The abstract dicta—the vague verbal propositions on the strength of which the possibility of this repetition has been denied, are splendid specimens of those cobwebs of the brain which used to entangle thought in the meshes of the scholastic philosophy. The " law of parsimony " is the ambitious phrase under which theorists have hid the stupid notion that what Nature does once she never repeats again, or that results which she has obtained by one method at some one time must never be compassed by the same method again. Hear how magniloquently the great agnostic professor sets forth this marvelous dogma: " If all living beings have been evolved from pre-existing forms of life, it is enough that a single particle of living protoplasm should have once appeared upon the globe as the result of no matter what agency. In the eyes of a consistent evolutionist any further independent formation of protoplasm would be sheer waste." This is very grand. The limitation of the possibilities of creation by the vision of a " consistent evolutionist " is delicious.

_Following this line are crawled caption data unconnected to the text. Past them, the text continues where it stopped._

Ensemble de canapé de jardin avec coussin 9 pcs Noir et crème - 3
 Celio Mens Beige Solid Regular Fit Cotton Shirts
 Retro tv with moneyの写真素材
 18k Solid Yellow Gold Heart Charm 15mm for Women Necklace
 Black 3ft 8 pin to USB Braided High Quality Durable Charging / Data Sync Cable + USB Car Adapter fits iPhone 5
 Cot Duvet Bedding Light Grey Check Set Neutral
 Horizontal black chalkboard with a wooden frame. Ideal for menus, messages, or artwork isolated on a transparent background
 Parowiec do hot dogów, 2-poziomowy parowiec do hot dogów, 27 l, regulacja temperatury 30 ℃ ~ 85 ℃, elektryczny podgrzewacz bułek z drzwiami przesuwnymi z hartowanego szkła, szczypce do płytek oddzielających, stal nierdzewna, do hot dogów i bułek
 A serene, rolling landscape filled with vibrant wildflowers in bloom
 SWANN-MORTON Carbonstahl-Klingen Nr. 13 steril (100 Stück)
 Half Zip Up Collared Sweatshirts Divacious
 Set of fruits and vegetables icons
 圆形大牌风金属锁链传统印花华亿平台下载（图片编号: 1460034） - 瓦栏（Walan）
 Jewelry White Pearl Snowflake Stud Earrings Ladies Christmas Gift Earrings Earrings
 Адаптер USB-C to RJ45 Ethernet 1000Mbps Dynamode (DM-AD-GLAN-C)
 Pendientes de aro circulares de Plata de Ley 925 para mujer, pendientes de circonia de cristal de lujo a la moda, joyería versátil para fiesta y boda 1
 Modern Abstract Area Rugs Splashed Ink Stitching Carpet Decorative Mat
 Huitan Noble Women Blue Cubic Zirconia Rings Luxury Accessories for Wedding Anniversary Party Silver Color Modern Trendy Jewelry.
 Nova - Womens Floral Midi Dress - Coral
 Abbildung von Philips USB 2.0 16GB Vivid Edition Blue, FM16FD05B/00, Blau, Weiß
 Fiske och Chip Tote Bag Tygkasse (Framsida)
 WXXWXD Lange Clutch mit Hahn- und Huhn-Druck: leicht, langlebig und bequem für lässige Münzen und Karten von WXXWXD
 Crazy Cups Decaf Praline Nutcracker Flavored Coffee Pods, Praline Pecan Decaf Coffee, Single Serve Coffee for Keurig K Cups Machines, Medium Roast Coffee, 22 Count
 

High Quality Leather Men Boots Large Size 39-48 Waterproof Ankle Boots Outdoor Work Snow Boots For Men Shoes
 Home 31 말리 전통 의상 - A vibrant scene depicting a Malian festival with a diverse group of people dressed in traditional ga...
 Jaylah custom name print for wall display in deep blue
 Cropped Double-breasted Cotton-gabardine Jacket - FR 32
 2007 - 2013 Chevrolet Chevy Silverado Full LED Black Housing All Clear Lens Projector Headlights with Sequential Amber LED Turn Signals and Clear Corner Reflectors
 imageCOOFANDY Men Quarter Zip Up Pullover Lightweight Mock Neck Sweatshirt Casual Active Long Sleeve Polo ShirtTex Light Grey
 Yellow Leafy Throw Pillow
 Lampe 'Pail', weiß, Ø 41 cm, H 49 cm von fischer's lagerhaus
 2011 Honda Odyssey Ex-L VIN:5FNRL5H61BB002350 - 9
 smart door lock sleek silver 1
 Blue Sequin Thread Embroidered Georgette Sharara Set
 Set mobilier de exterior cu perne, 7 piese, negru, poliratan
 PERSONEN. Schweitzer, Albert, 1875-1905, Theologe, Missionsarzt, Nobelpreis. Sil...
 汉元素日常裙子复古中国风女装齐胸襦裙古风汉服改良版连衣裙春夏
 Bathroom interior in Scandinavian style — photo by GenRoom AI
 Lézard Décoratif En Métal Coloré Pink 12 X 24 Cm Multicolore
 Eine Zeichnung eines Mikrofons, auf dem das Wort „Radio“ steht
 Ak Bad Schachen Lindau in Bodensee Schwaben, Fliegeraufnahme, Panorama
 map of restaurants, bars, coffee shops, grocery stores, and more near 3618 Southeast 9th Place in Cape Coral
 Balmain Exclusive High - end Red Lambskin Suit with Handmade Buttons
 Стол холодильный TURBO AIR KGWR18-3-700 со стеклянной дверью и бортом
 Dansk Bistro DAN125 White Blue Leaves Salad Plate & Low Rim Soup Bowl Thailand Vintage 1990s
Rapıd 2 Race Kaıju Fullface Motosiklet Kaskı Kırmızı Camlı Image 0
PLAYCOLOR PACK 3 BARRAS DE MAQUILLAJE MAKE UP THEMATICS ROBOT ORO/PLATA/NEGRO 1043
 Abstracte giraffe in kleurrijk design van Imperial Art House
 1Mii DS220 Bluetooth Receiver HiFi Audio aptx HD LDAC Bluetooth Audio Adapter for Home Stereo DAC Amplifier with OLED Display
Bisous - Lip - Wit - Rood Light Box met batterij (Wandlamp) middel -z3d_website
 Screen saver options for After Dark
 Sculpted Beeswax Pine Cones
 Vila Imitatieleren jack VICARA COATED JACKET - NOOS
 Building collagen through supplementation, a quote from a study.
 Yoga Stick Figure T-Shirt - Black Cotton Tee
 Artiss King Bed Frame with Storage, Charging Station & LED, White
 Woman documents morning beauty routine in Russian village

It reminds one of the American joke that the planets revolve round the sun, " always subject to the Constitootion of the United States." But, unfortunately for the dogma, it renounces the testimony of facts, while sounder reasonings upon them are dead against it. Nature is economical, but she is not miserly. The prodigality of Nature is more conspicuous than her parsimony. The habitual expenditure and repetition of all her processes is at least more clear to us than her refusals to repeat them. Her fondness for identity of principle in all her various operations is more pervading than her casting aside of any method merely because it has been used already. That bits of living protoplasm, with inconceivably complex potentialities within them, should have been called into being once, and that nothing similar should ever have been done again, may possibly be true; but it is not according to analogy and we can not accept it on the authority of Prof. Huxley. Still less can so weighty a conclusion be hung securely on a gossamer structure of abstract and empty words.—Nineteenth Century.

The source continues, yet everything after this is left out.